Я попытался припомнить, что она рассказывала об этой своей субстанции.

— Ты хочешь сказать, что собираешься превратить материю в пространство, или что-нибудь в этом роде?

— Что-нибудь в этом роде. Я намерена выразить материю-энергию через пространство-время.

— Ох, — сказал я. — Уравнения, формулы и прочие закорючки.

— Я тебе только что сказала, что не собираюсь писать книгу.

— Но как… — я запнулся, пораженный догадкой. — Ты собираешься… — И снова запнулся, не в силах подобрать слово. — Собираешься построить машину, которая будет двигаться во времени?

— До чего же варварски у тебя это звучит. Но для непрофессионала ухвачено довольно верно.

— Как-то раз ты сказала мне, что ты — теоретик. Что ты не какой-нибудь там примитивный механик.

— Я им стану.

— Барбара, да ты с ума сошла! Твоя теория очень интересна как философская абстракция…

— Благодарю. Всегда приятно знать, что позабавил деревенщину.

— Барбара, послушай. Мидбин…

— Мне совершенно не интересны его занудные измышления.

— А ему твои — интересны, и мне тоже. Неужели ты не понимаешь, что эта твоя страсть к управлению временем — всего лишь следствие навязчивой идеи отправиться в прошлое и… э… отомстить матери…

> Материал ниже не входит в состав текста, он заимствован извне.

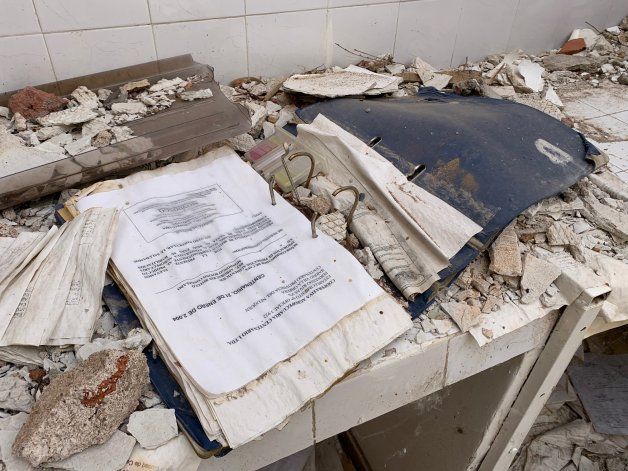 Viejos libros de actas de ingresos de animales que quedaron abandonados en el matadero.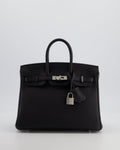 *RARE* Hermès Birkin 25 Retourne Bag in Noir Togo Leather with Palladium Hardware
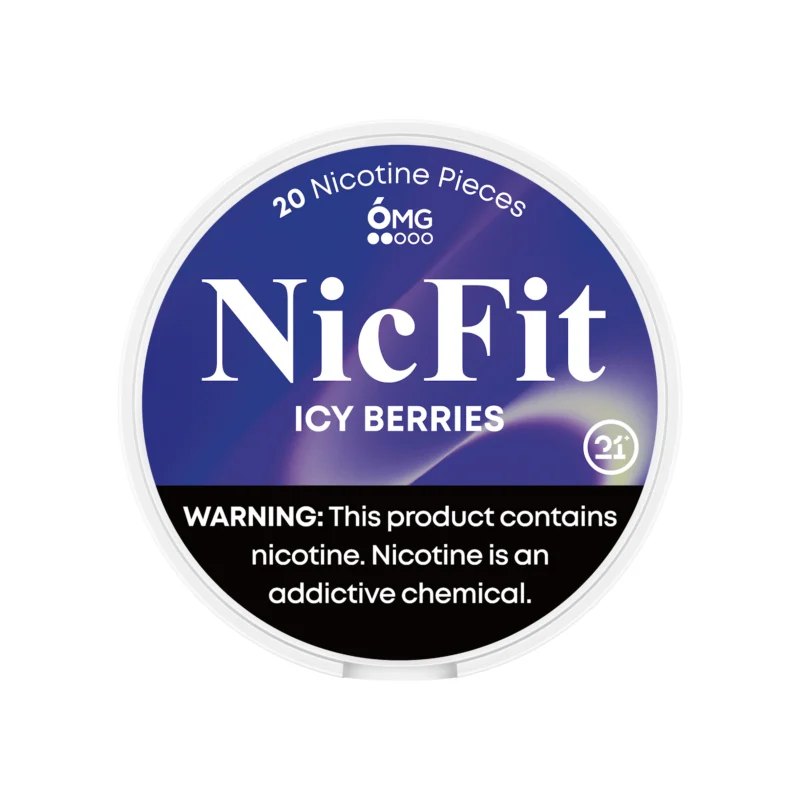 NicFit Icy Berries nicotine pouches can top view, featuring 20 tobacco-free nicotine pieces with a refreshing ice berries flavor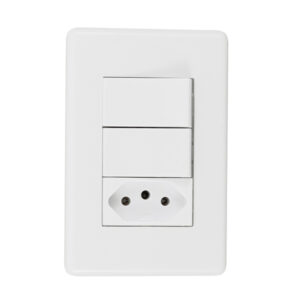 Conjunto 1 Tomada e 2 Interruptores Energia Simples 10A 4×2 Branco Stella Steck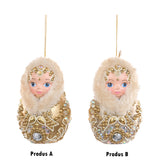 Ornament pentru brad, Royal Matryoshka, auriu/crem, 11 cm - SIMONA'S CHRISTMAS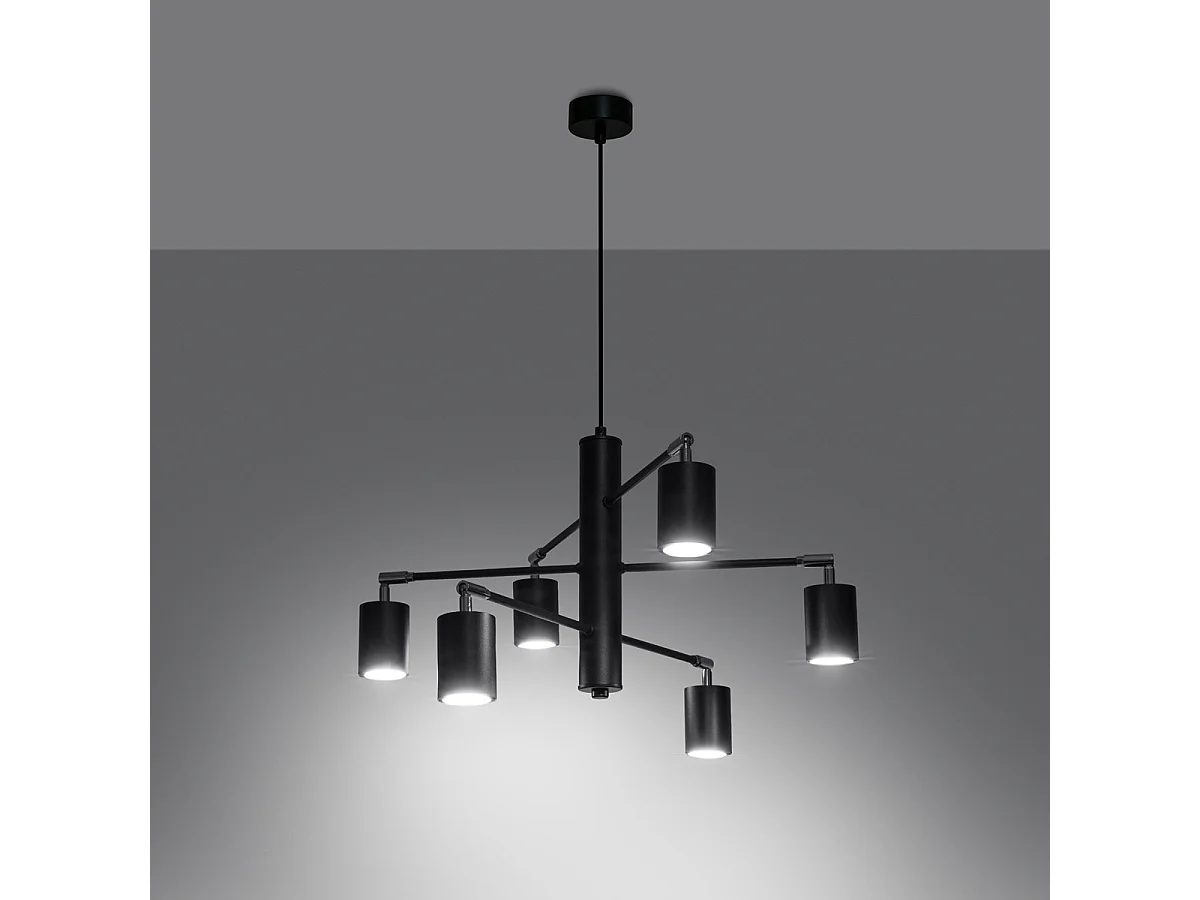 Lustre LEMMI moderno, aço - 6 lichtbronnen - L.77 x H.125 cm - preto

— Оливер Мидбин — грубый, глупый и бесчувственный чурбан. Он выучил немую болтать, но слишком глуп, чтобы понимать людей, у которых больше одной извилины в мозгах. Он подобрал себе наборец идиотских теорий об эмоциональных травмах, и втискивает в них любые факты. Даже если их приходится для этого на изнанку выворачивать. Даже если приходится придумывать несуществующие — лишь бы укладывались удобно! Отомстить матери, Боже правый! Да она интересует меня не больше, чем когда-то ее интересовала я!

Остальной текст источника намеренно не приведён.